國分功一郎を読んでみた - 暇と退屈の倫理学 (7)

暇と退屈の倫理学 増補新版 (homo Viator)

第七章 暇と退屈の倫理学──決断することは人間の証しか?

 本章では今まで得られた見解からハイデッガーの「退屈論」を再構成し、退屈の根源に迫ります。あるとき人間があけてしまった退屈という名のパンドラの箱には確かに希望が残っていたのだ。

 本章もTV番組「哲子の部屋」で紹介された『ジル・ドゥルーズ』『フロイト』を交えながら考察します。哲学なんて分からない!なんて方は哲子の部屋から入るのがお勧めです。

 

では、以下要約。

 Q1.で、結局退屈との付き合い方って?

では、今までの先生方の見解をおさらいしてみます。

ブレーズ・パスカル』先生曰く
退屈という病は神への信仰によって解決します。
『バーランド・ラッセル』先生曰く
退屈の反対は快楽ではなく、興奮である。興奮できるような熱意を持った生活を送れば幸福である。
『ラース・スヴェンセン』先生曰く
退屈が人々の悩み事となったのはロマン主義のせいだ。ロマン主義と決定的に決別し、 個人の意味を見つけるのを諦めなさい。

マルティン・ハイデッガー』先生曰く

退屈が告げているのは自由であるという事実そのものだ! あとは、決断をしてその自由の可能性を発揮せよ!

 

Q2.神様はもう死んじゃったし、ロマン主義なんてわけ分からないし、熱意を持て!とか決断せよ!とかただの精神論じゃん!

  これは手厳しい。では、前章で得た結論です。

人間の持つ自由な環世界移動能力が、実は人間を退屈と感じさせている。ってことは、人間も環世界移動をやめれば退屈じゃなくなるの?

 

Q3.そうそれ。でも環世界移動ってやめられるのかな?

 それでは、まず人間はどのように環世界を獲得していくのか考えて見ましょう。

 

Q4.えっと他の世界を認識して…獲得して…???

 ざっくり説明してみます。前章で「え?世界は一つだよ?」という認識がありました。同じように、人間は世界は一つでどこまでも広がっているように感じています。

 しかし、世界の全てを認識しようとしていては、人間はいつまでもよく分からない世界で生きていくことになります。突然何か未知のものが何処からか襲ってくるかもしれない。不安です。

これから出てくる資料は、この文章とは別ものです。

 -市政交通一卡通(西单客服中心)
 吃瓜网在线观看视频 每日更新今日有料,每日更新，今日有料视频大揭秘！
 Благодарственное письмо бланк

 そこで、人間は安心して生きていくために、どこかで世界に区切りをつけてしまいます。いわば、「ここからここまでが世界で、この世界はこのように動くことになっている!」っと単純に決め付けるわけです。この決め付けが環世界の獲得です。

 

Q5.分かったような分からないような…?

 もっと身近な例として”習慣”を考えて見ましょう。私たちは普段どのように習慣を作っていきますか?

 

Q6.習慣の作り方…? 無意識でも出来るように…何度も何度も繰り返して…?

 そうですね。人間は”無意識”で行動出来るように”習慣”を作っています。”A>BだからC”で動くことが習慣です。動物と一緒ですね。

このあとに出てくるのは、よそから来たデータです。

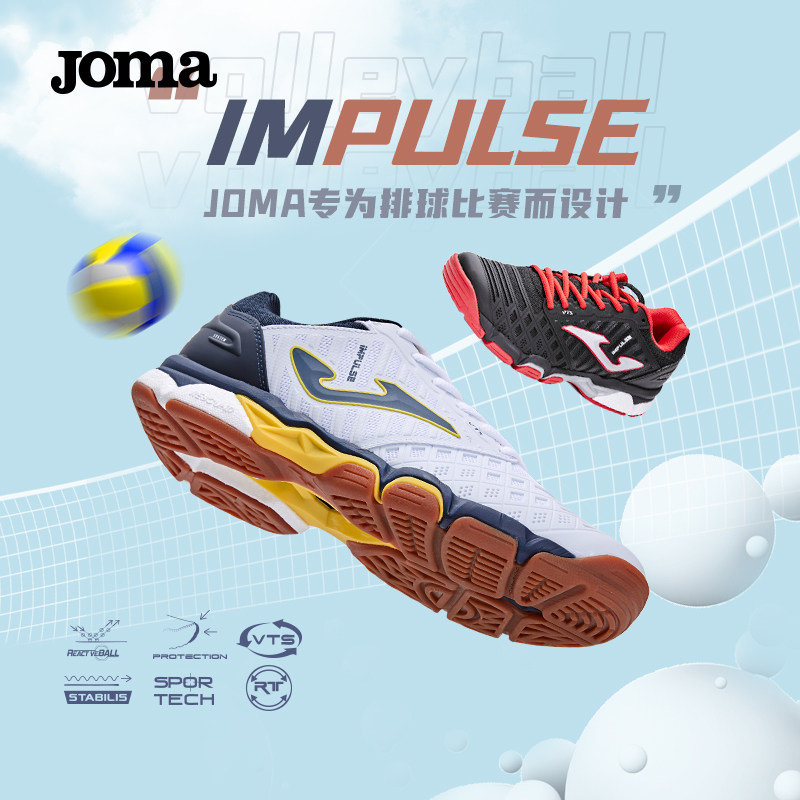 Joma23 years new adult volleyball shoes Spanish man sneakers shock absorbing non-slip professional competition training-Taobao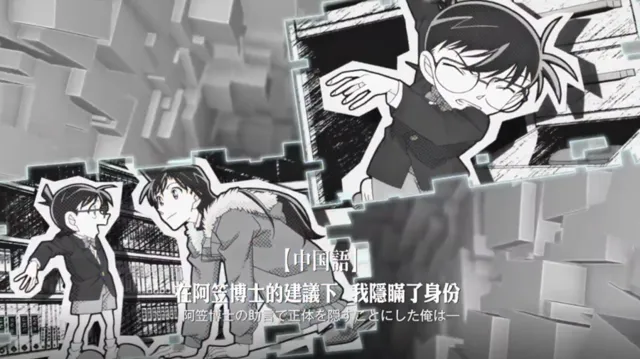 「名侦探柯南:绯色的弹丸」公开新宣传片
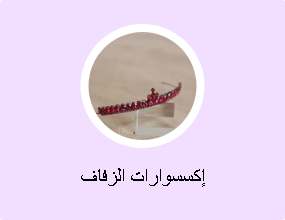 إكسسوارات الزفاف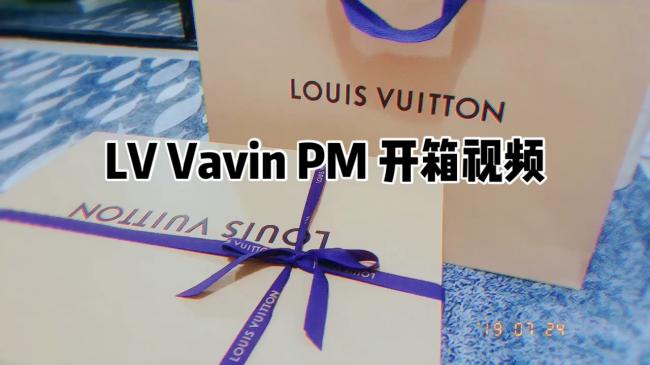 LV Vavin PM 感觉像是一个气质小仙女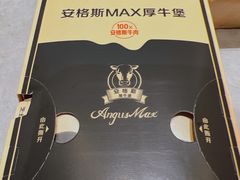 -麦当劳(平和堂店)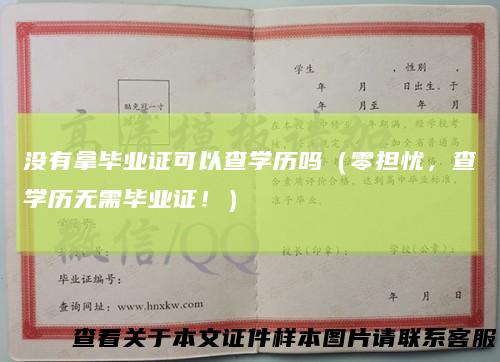 没有拿毕业证可以查学历吗（零担忧，查学历无需毕业证！）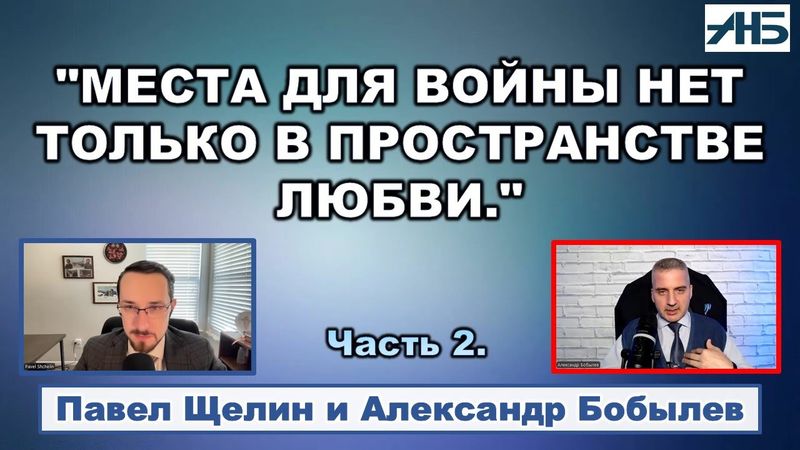 Павел Щелин. СЕЙЧАС ОСТАНОВИТЬ ВОЙНУ ЕСТЬ ТОЛЬКО ОДИН СПОСОБ.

 言い換えるならば、”考えなくても行動できる”ように行動をプログラムしてしまいます。いちいち考えていると疲れちゃいますから。実は人間は”モノを考えなくてすむ”生活を目指して習慣を作っているのです。

 

Q7. え?考えない生活を目指しているの? 今めっちゃ考えてるよ?

  では、ここで新しい先生方をお呼びしましょう。

フロイト』先生曰く

 人間の精神生活は快を求め、不快を避ける快原理に支配されている。 生物は興奮状態を不快と受け止め、一定に保たれることを快とする。

ジル・ドゥルーズ』先生曰く

 哲学者たちはこれまで人間はものを考えることを好むと述べてきた。しかしそれはまったくの間違いである。人間はめったに物を考えたりなどしない。人間がものを考えるのは、仕方なく、強制されてのことである。

 

Q8. どういうこと?

 例えば、初対面の人と一緒に行動するとき人は緊張しますね。緊張とは興奮状態。つまりは不快です。慣れた友人と一緒に行動するほうが精神は安定します。つまり快いのです。

 けれども、どうしても初対面の人と一緒に行動しなければならない場面もあります。この”初対面の人”という異物混入事件によって、私たちは強制的に「この人と上手くやるにはどうしたらいいのだろう」などと”考えさせられる”わけです。

 ちなみに、今”めっちゃ考えている”あなたは、私という異物混入事件のためにめっちゃ考えさせられているわけです。

 

Q9.でも、知らない人に会うのが好きってひとも居るよね?

ジル・ドゥルーズ』先生曰く

 何かが快いからそれを反復するのではなくて、反復するから習慣が生じ、それによって快が得られるのである。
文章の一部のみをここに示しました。